Kompletny odlot ministra sportu. W atak na obraz van Gogha wplątał... Tuska
- W piątek dwie aktywistki z organizacji "Just Stop Oil" oblały obraz "Słoneczniki" Vincenta van Gogha farbą w ramach protestu
- Minister sportu Kamil Bortniczuk skomentował ten incydent na Twitterze i powiązał go z Donaldem Tuskiem
- Aktywistki nie mają jednak nic wspólnego ani z Platformą Obywatelską, ani nawet Europejską Partią Ludową
Słynny obraz "Słoneczniki" Vincenta Van Gogha stał się w piątek celem ataku brytyjskich aktywistek, które oblały go zupą. Czy ta sprawa ma coś wspólnego z Polską? Zdaniem wiceministra sportu Kamila Bortniczuka raczej tak. Zwłaszcza z liderem PO Donaldem Tuskiem.
"Pytanie otwarte: Ile te "Julki" musiałyby mieć lajków, albo zagwarantować głosów, żeby Donald Tusk publicznie pochwalił i zagwarantował, że jak wygra z PiS, to już wreszcie wszystkie obrazy będzie można tak tym sosem... ?" - zapytał Bortniczuk na Twitterze.
Komentarz polityka ma kuriozalny wydźwięk, ponieważ aktywistki nie mają absolutnie nic wspólnego ani z Platformą Obywatelską, ani Polską, ani nawet Europejską Partią Ludową.
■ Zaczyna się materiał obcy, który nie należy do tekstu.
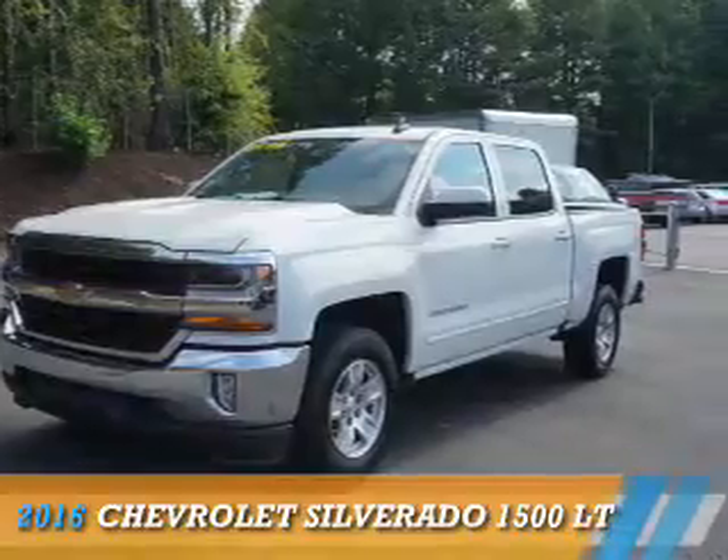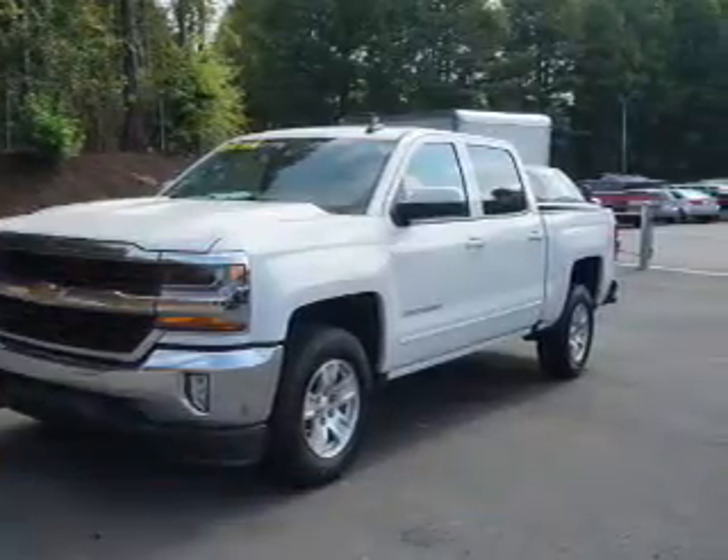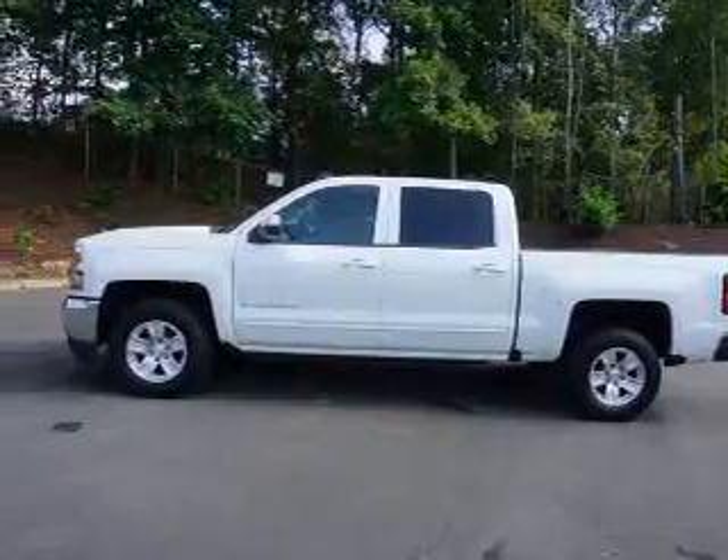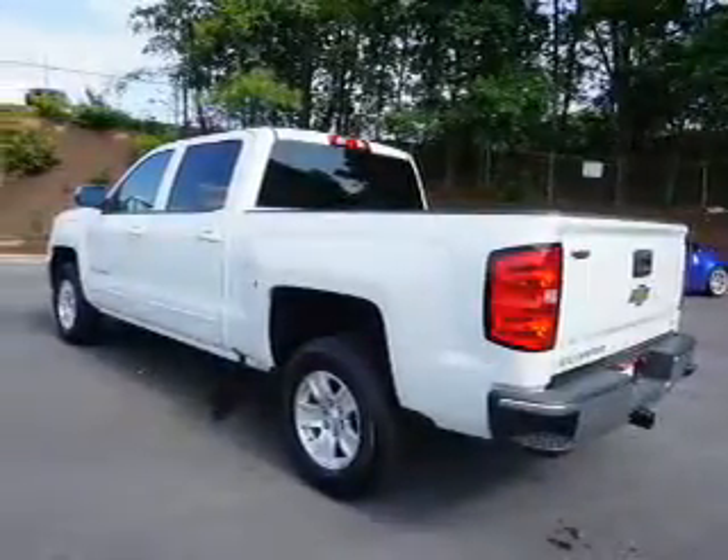Presenting the 2016 Chevrolet Silverado 1500. It's powered by a 5.3 liter 8-cylinder engine and a 6-speed automatic transmission.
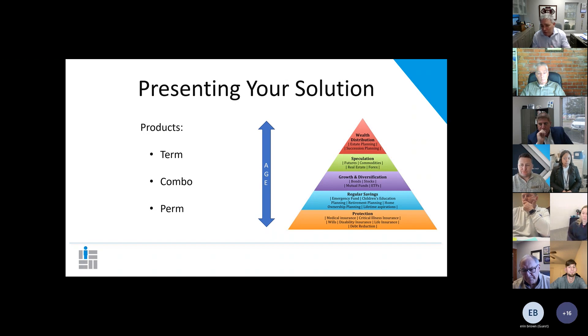In my space as a wealth advisor, I put permanent life insurance up closer between growth and diversification. I do that because when they have all the other things in the bottom part of the pyramid satisfied, then I say it's time to use another investment vehicle — permanent life insurance. But don't be afraid that term insurance is bad. Your goal is to solve the protection need first. Later on, we'll get into advanced topics of how to sell to someone that has money and why they would use life insurance as one of their investment vehicles.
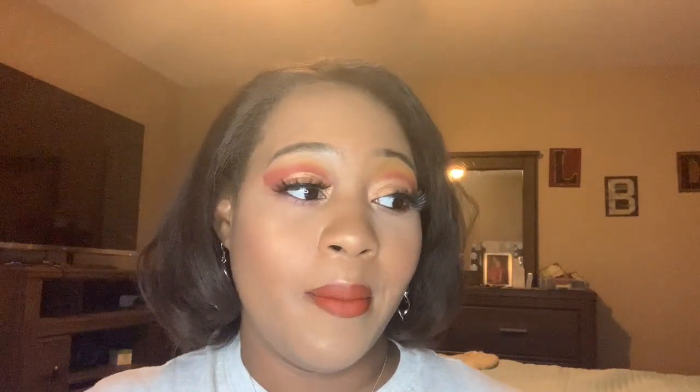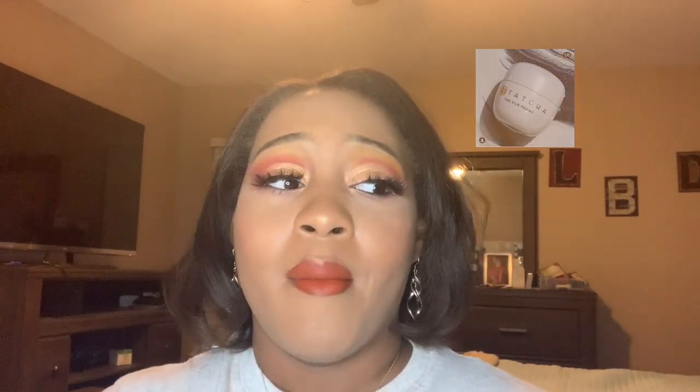Next is the new Tatcha eye cream. Tatcha products are really good to me, but I'm going to be saving a coin on this because I'm not in the market for a new eye cream right now. It's a high-end, fairly expensive product, and I'd rather use my gift cards on holiday eyeshadows, lippies, or products I already love.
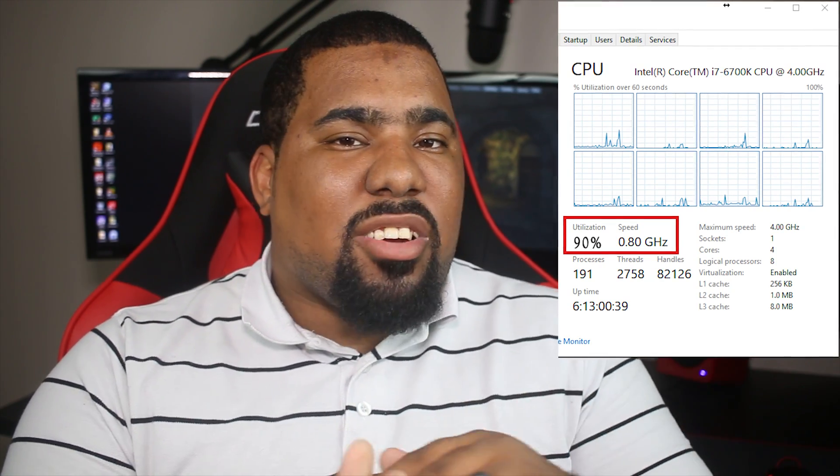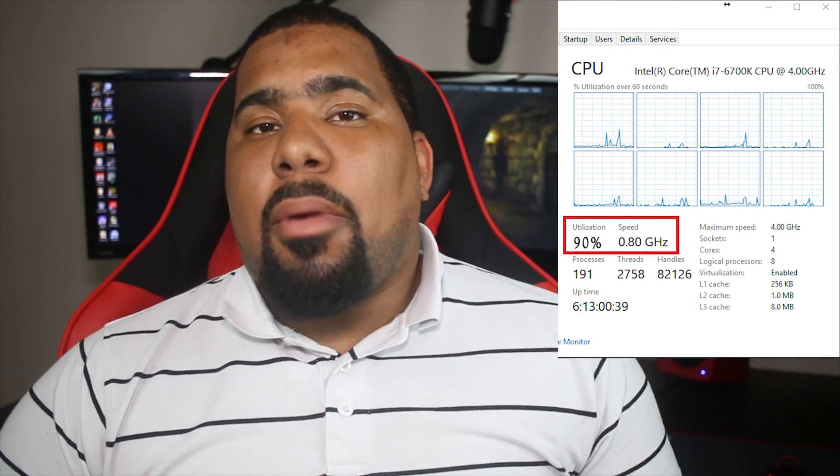Another factor you want to determine is the speed of your CPU. I've seen cases where a bottleneck is not caused by usage but by the speed of the CPU. Most CPUs are around 3 GHz these days. However, if you notice that your CPU is at 1 GHz or especially 800 MHz, then you may want to go into the BIOS and reset the settings. Usually this will fix the issue and you'll be able to enjoy your games as you should.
Słynny obraz van Gogha zaatakowany w muzeum
Atak na obraz Vincenta van Gogha miał w miejsce w Galerii Narodowej w Londynie. Dwie młode aktywistki stanęły przed "Słonecznikami", otworzyły puszkę z zupą pomidorową i oblały dzieło jej zawartością. Następnie dzięki wcześniej przygotowanym tubkom, przykleiły swoje dłonie do ścian w galerii.
– Co jest więcej warte? Sztuka czy życie? Warta jest więcej niż jedzenie? Warta więcej niż sprawiedliwość? – wykrzykiwała jedna z kobiet. Nagranie z zajścia zostało opublikowane m.in. przez organizację ekologiczną.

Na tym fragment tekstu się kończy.